SUPPLIED RECORDS:
-------------------------

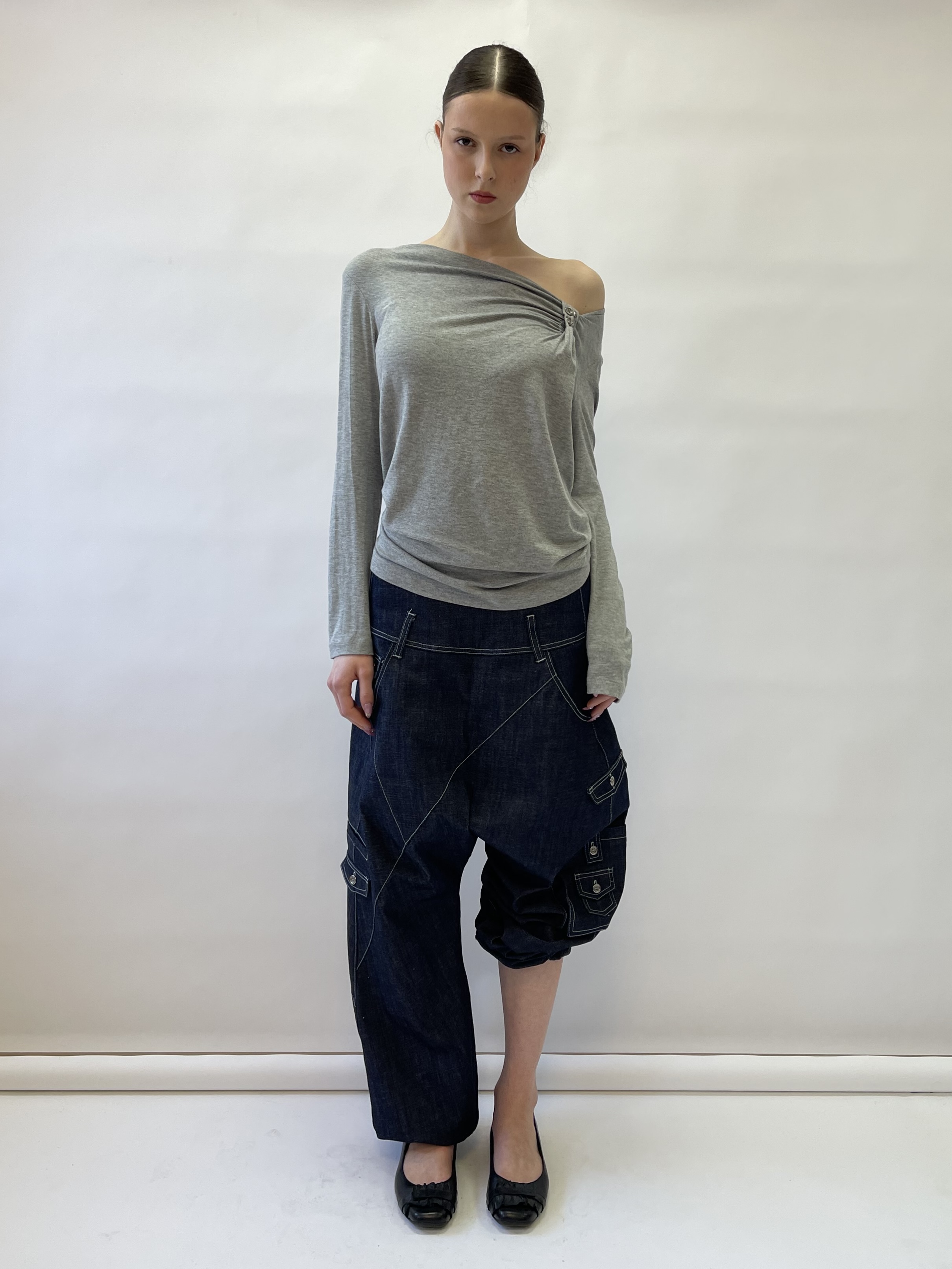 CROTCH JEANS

-------------------------

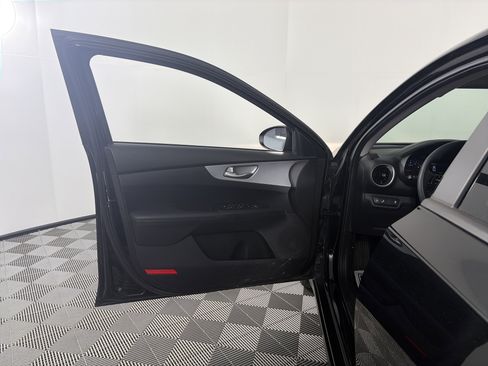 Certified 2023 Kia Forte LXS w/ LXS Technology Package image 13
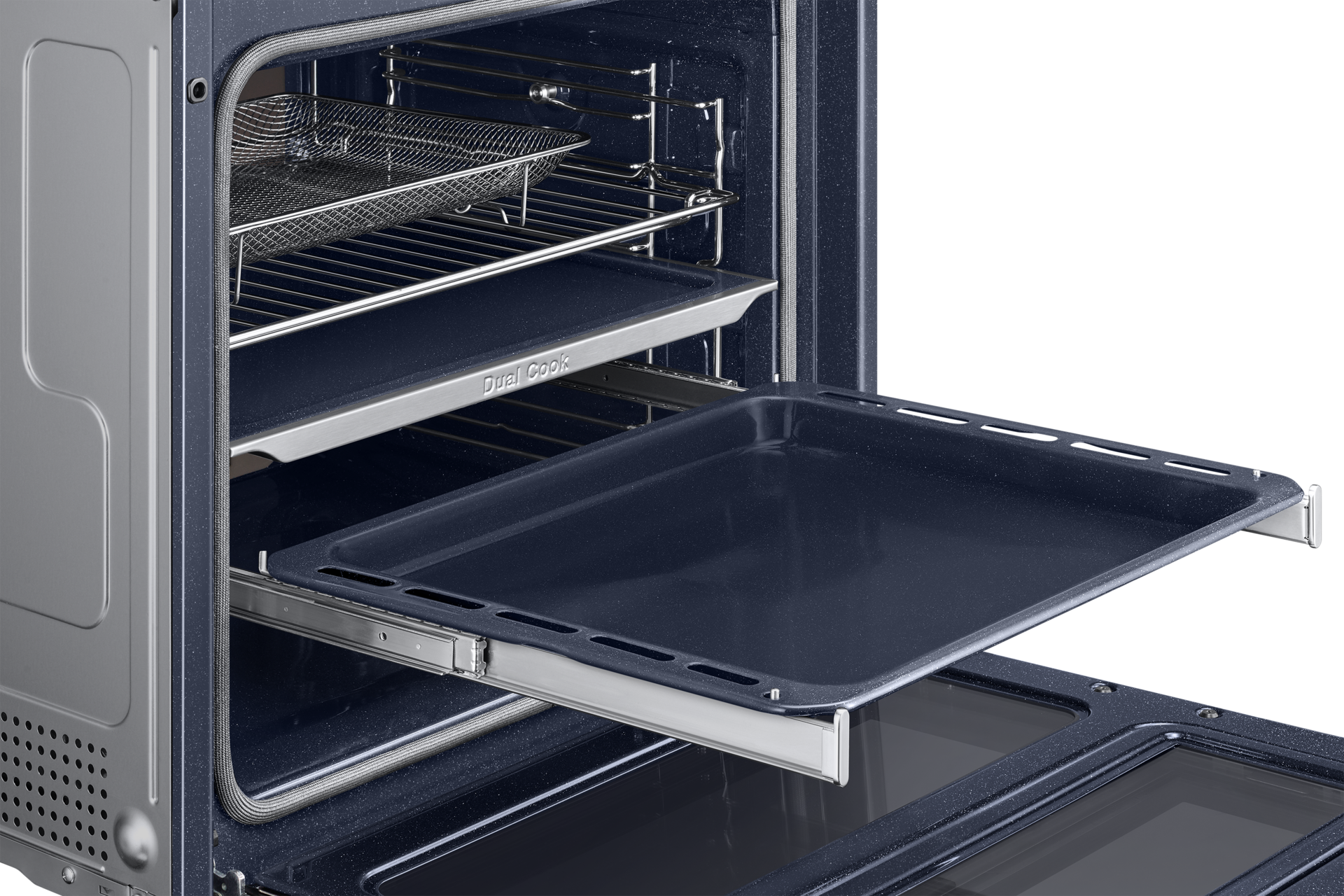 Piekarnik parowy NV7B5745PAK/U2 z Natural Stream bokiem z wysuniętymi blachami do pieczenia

-------------------------

TO DO: All that should appear in the answer is the lines above from the line with "Certified 2023 Kia" through the line with "Piekarnik parowy NV7B5745PAK/U2", retyped exactly, pictures left out.

THE ANSWER:
 Certified 2023 Kia Forte LXS w/ LXS Technology Package image 13
 Piekarnik parowy NV7B5745PAK/U2 z Natural Stream bokiem z wysuniętymi blachami do pieczenia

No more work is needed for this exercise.